Birçok öğrencinin hali vakti yerinde olması yanında anne babası ayrı olan, evi olmayan, kırsalda tarım ve hayvancılık faaliyetlerini sürdüren öğrencilerin varlığı da bir gerçektir.

Ve bu ikinci cümlede bahsi geçen öğrencilerin çoğunun mutlaka bir eksik nedeni ile uzaktan eğitim faaliyetine katılamadığı da gün gibi ortadadır.

İnternet alt yapısının olup olmadığı, derslere uygun ve yeterli bir cihazla iştirak edip edemediği belirsiz olan bu çocuklar için bir an evvel başta muhtarlarımız olmak üzere, belediye başkanlarının, valilerimizin ve kaymakamlarımızın ivedilikle bir çözüm üretmesi elzemdir.

Devletimizin her birisine tablet, telefon ve diğer mobil cihazları temin hususunda gücü var ve bunu çoğu kez göstermiştir de.

Önemli olan yukarıda saymış olduğum yöneticilerimizin bir an evvel koordineli bir şekilde ihtiyaç sahibi öğrencileri tespit edip, eğitim materyaline kavuşmalarını sağlamaktır.

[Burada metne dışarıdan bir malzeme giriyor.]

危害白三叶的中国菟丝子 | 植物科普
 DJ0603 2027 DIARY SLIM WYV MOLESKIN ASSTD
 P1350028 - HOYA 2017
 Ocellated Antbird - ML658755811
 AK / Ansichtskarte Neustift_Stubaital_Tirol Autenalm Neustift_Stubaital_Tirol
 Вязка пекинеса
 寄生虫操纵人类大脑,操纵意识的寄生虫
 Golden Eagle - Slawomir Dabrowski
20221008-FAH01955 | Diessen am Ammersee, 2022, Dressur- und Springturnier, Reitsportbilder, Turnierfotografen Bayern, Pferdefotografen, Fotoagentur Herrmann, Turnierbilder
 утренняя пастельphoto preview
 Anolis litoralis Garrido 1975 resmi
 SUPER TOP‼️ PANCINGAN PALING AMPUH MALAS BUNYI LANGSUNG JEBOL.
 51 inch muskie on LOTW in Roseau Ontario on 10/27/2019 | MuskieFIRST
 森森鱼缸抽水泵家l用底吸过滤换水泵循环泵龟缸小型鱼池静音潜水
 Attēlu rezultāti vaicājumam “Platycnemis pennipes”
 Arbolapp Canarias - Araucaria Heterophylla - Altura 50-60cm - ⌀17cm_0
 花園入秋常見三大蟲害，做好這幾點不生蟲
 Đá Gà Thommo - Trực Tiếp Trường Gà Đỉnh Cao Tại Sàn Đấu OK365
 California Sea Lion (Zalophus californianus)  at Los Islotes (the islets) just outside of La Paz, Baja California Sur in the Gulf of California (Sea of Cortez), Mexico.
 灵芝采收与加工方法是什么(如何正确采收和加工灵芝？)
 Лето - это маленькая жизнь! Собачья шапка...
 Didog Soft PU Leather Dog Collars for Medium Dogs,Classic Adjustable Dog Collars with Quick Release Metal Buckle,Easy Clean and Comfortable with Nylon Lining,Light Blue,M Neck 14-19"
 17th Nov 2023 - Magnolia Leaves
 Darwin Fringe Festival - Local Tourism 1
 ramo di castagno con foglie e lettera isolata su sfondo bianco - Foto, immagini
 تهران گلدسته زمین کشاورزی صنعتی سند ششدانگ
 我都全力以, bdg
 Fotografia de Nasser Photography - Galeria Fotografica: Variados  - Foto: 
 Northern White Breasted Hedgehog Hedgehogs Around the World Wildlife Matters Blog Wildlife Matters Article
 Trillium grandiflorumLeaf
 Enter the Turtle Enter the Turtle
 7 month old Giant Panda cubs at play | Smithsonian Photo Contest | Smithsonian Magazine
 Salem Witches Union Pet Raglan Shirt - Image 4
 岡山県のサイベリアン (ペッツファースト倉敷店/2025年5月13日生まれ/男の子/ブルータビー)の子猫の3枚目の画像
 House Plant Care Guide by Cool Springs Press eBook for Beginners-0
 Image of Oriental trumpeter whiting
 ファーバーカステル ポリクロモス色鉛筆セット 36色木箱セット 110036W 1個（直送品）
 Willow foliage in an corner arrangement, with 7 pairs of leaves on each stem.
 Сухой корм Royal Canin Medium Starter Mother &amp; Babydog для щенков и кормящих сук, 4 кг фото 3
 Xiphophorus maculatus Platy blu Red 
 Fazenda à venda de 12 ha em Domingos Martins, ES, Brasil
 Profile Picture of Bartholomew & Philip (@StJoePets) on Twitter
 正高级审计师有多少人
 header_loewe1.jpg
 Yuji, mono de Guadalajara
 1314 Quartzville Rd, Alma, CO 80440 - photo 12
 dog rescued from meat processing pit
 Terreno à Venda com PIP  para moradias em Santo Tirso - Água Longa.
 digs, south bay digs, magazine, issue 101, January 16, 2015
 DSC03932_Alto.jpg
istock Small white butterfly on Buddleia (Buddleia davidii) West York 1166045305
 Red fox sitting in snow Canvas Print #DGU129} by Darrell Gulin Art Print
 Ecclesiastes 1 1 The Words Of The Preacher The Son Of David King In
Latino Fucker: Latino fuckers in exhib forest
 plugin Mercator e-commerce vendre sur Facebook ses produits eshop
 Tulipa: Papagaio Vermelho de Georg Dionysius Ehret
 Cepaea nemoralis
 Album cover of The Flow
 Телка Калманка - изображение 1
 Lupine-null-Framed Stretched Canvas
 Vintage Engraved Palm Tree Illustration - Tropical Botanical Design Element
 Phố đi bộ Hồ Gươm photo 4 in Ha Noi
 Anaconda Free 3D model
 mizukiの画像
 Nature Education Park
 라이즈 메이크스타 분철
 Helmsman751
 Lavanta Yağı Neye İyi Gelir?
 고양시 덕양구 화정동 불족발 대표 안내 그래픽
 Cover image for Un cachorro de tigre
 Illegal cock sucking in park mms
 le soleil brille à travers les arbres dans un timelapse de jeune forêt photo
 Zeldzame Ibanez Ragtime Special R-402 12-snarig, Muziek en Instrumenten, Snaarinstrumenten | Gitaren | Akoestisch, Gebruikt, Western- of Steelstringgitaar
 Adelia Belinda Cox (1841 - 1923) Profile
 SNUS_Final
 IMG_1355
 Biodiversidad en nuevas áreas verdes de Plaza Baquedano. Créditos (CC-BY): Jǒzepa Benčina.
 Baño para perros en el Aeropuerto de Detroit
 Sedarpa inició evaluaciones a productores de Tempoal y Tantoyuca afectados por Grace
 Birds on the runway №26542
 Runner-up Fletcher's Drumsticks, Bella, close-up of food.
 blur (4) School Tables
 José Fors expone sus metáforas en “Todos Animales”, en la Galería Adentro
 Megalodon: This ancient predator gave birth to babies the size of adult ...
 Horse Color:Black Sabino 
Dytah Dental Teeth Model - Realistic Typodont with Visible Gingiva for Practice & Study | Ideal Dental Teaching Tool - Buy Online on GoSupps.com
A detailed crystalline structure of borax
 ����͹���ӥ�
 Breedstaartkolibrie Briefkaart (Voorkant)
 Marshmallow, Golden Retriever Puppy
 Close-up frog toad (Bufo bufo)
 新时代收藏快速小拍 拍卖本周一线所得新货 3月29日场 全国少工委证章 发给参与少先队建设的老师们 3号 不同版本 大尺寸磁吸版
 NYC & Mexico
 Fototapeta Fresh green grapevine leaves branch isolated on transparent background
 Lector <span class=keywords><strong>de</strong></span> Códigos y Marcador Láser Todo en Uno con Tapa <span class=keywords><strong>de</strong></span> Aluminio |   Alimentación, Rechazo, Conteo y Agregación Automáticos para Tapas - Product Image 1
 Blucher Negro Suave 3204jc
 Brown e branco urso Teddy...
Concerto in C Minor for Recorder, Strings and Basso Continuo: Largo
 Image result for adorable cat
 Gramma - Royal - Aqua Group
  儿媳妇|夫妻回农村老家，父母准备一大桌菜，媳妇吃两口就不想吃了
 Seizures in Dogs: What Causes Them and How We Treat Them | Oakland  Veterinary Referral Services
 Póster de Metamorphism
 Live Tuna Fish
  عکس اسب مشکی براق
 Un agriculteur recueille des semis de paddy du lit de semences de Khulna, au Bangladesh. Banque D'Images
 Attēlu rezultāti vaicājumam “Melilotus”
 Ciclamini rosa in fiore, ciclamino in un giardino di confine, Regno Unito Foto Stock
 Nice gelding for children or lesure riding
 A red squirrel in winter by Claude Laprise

Ya değilse eğitimde fırsat eşitliğinin her geçen yıl sağlanır olduğu ülkemizde bu dengenin bozulacak olması, Türkiye’nin gelecek hedeflerine eğitim adına defolu bir şekilde adım atacağı anlamına gelir ki böyle olmasını ülkesini seven hiç ama hiç kimse istemez.

Her şeyimizle yüz yüze bir yaşama yeniden kavuşabilmemiz dileğimle.